CSLU: Portland Cellular Telephone Speech Version 1.3, LDC2008S01, ISBN 1-58563-463-8 was created by the Center for Spoken Language Understanding (CSLU) at OGI School of Science and Engineering, Oregon Health and Science University, Beaverton, Oregon. It consists of cellular telephone speech and corresponding transcripts, specifically, 7,571 utterances from 515 speakers who made calls in the Portland, Oregon area using cellular telephones.
Speakers called the CSLU data collection system on cellular telephones, and they were asked to repeat certain phrases and to respond to other prompts. Two prompt protocols were used: an In Vehicle Protocol for speakers calling from inside a vehicle and a Not in Vehicle Protocol for those calling from outside a vehicle. The protocols shared several questions, but each protocol contained distinct queries designed to probe the conditions of the caller's in vehicle/not in vehicle surroundings. Not every caller provided a response to each prompt.
docs/ | The documentation directory. This directory contains further documentation for CSLU: Portland Cellular Telephone Speech Version 1.3. |
labels/ | Phonetic labeling directory. This directory contains phonetic labels and phonetic transcriptions for corresponding speech files. |
misc/ | Miscellaneous directory. This directory contains software tools and scripts. |
speech/ | Speech directory. This directory contains the actual .wav files; there are subdirectories within this directory based on the speaker's ID number. |
trans/ | Transcriptions directory. This directory contains orthographic transcriptions for most of the speech files. |
The speeech data was captured digitally from CSLU's T1 connection and saved as 8 khz, 16-bit linear.

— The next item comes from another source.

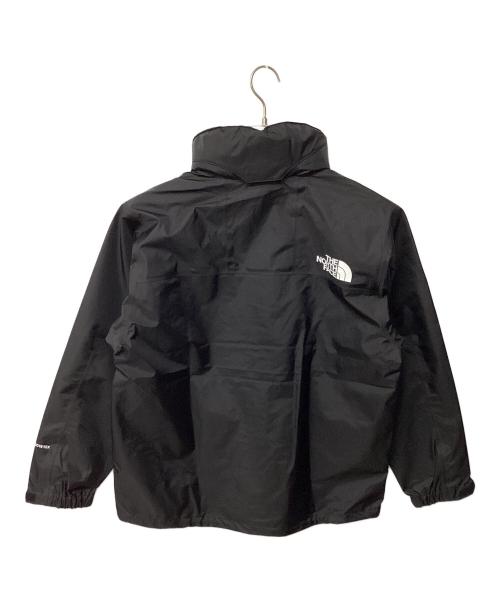 THE NORTH FACE（ザ ノース フェイス）THE NORTH FACE (ザ ノース フェイス) マウンテンレインテックスジャケット（トレッキングウェア/レインウェア) ブラック サイズ:M 未使用品の古着・服飾アイテム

The text transcriptions in this corpus were produced using the non time-aligned word-level conventions described in The CSLU Labeling Guide, which is included in the documentation for this release. CSLU: Portland Cellular Telephone Speech contains orthographic and phonetic transcriptions of corresponding speech files. Non time-aligned orthographic transcriptions provide quick access to the content of an utterance; they may contain markers for word boundaries to support access and retrieval at the lexical level. Phonetic/phonemic transcriptions represent the phonetic content of an utterance at a given level of detail that is made explicit by the use of diacritics. Phonetic phenomena transcribed includes excessive nasalization, glottalization, frication on a stop, centralization, lateralization, rounding and palatalization.
Each caller was asked the same initial set of questions set forth below. The string in {} after the prompt is a "type key" used to identify those utterances that are responses to the corresponding prompt.
Thank you for calling the Oregon Graduate Institute. In collaboration with Cellular One we are collecting speech samples from cellular phones. The speech samples you provide will allow us to perform basic research that may lead to improved services for cellular phone users. We will share the speech data you provide with other researchers, but your identity will be kept confidential.
Are you calling from within a vehicle? Please say yes or no. {yorn}
The first four questions provide us with background information. Please wait for the beep before speaking. {iv_inst1}
Are you male or female? {morf}
What is your native language? {nlang}
What city and state did you grow up in? {growup}
What is your date of birth? {dob}
In vehicle protocol
Those calling from within a vehicle were asked the following specific questions once the background portion was complete:The answers to the next set of questions will provide information about driving conditions and the recording conditions in your car.
Please tell us if your window is open, or if you are using the windshield wipers, heater or radio? {environ}
Briefly describe the traffic conditions. {traffic}
About how fast are you traveling right now? {fast}
Are you using a digital or analog phone? {dora}
If you know the brand and model of your cellular phone, Please tell us now {brand}
Are you using your phone's handset or a mounted microphone? {horm}
The answers to the next questions will provide us with some background information about you and some examples of spoken digits and letters.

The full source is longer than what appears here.